AT&T Inc. today asked a federal judge in Washington to dismiss the suit Sprint Nextel Corp. filed to block the rival's planned merger with T-Mobile USA.
Sprint sued to block the planned $39 billion deal about a week after the U.S. Justice Department filed an antitrust action in Washington federal district court.
Lawyers for AT&T said in court papers (.pdf) filed today that Sprint does not have standing to sue. “Nothing alleged in its complaint is half so significant as the fact that Sprint filed it,” AT&T’s lawyers said.
The attorneys, including Mark Hansen of Washington’s Kellogg, Huber, Hansen, Todd, Evans & Figel, said Sprint knows the merger will enhance competition and make AT&T a more “formidable” rival.
“What is good for consumers is bad for Sprint, and that is why Sprint has filed suit,” AT&T’s lawyers said.

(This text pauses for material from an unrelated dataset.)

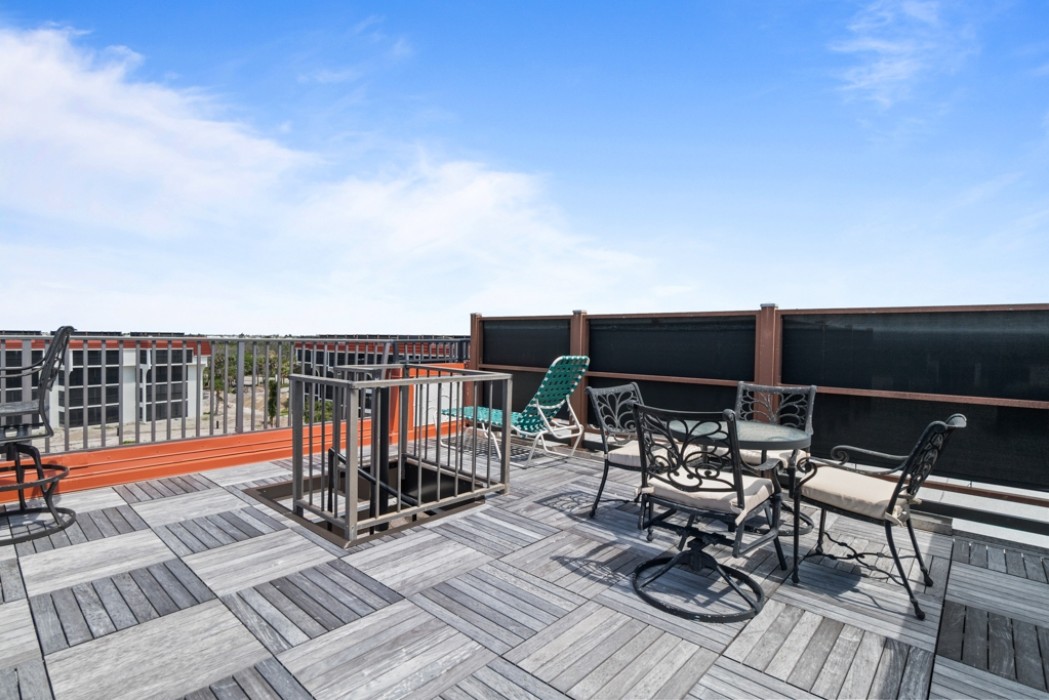 Privacy on the roof deck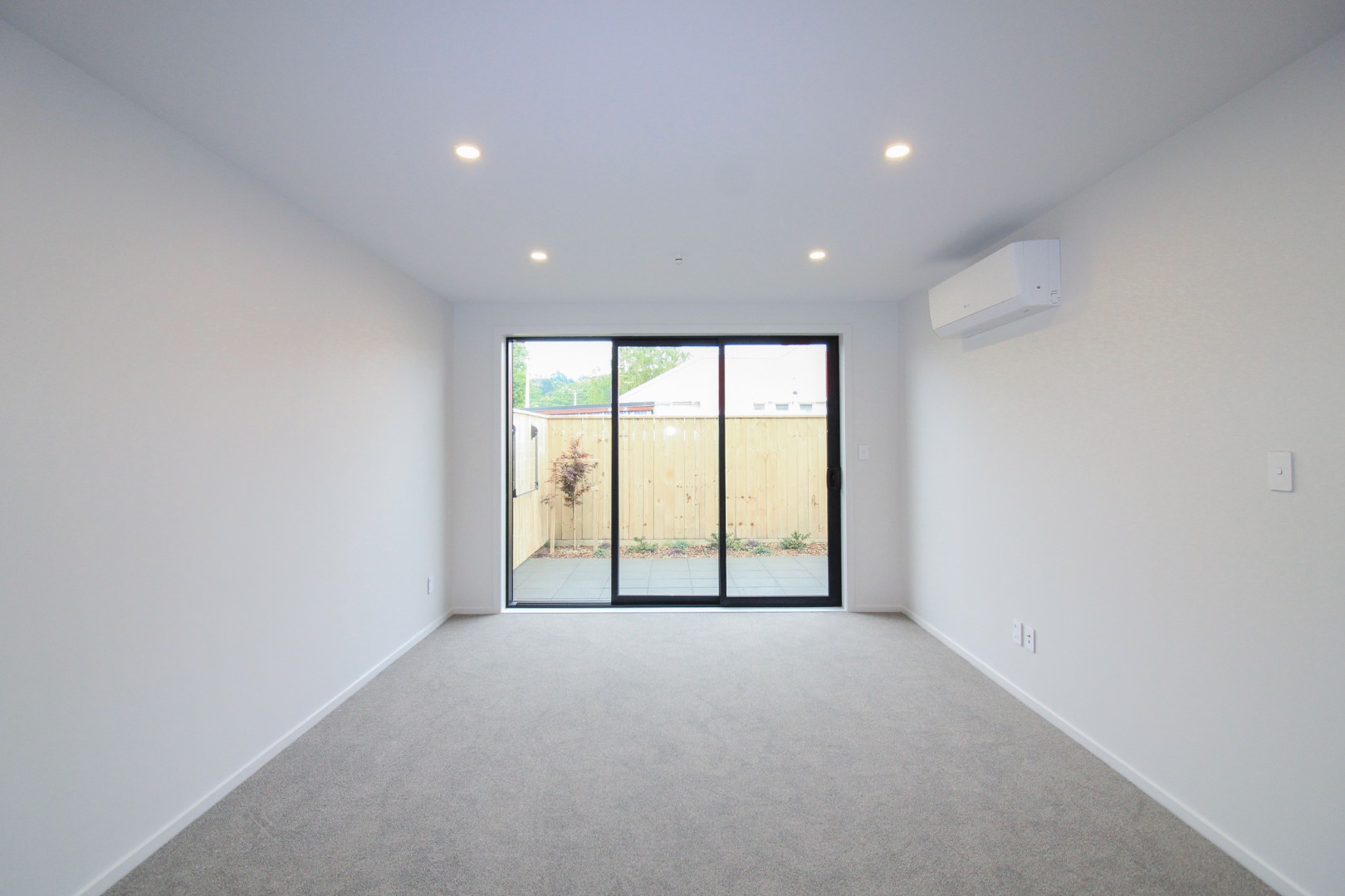 Brand new Modern Townhouse  offering  the best in contemporary living, Lower Hutt, Wellington image 5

AT&T’s attorneys said Sprint, represented by Skadden, Arps, Slate, Meagher & Flom, has attempted to “manufacture” standing, arguing that the proposed deal, if it succeeds, will impair the company's access to inputs to provide service. Sprint contends, among other things, the merger will enhance AT&T’s roaming services, increasing Sprint’s costs.
But AT&T argued that Sprint, on a “technologically incompatible” network, doesn’t purchase roaming services from AT&T or T-Mobile.
Sprint, according to AT&T, has not provided any factual basis for alleging the acquisition, announced in March, would hurt Sprint’s ability to buy advanced wireless devices.
Sprint’s attorneys said in the complaint that the proposed deal is “brazenly anticompetitive. In one fell swoop, AT&T’s proposed purchase would eliminate one of four national competitors and marginalize a second (Sprint), pushing the market back toward a 1980s-style cell phone duopoly that would force consumers to endure higher prices and be denied the fruits of vigorous innovation.”
AT&T’s lawyers said Sprint, as a competitors, is "categorically without standing" to complain about any alleged effects of the proposed deal between AT&T and T-Mobile.
Hansen said in court papers that “when a competitor like Sprint sues to prevent a competitor’s merger, it generally reflects anxiety that the transaction will make the market more competitive, not less, reducing the competitor’s profits.”
U.S. District Judge Ellen Segal Huvelle said Sprint must respond to the motion to dismiss by Oct. 13. The judge said she will hear the dispute on Oct. 24.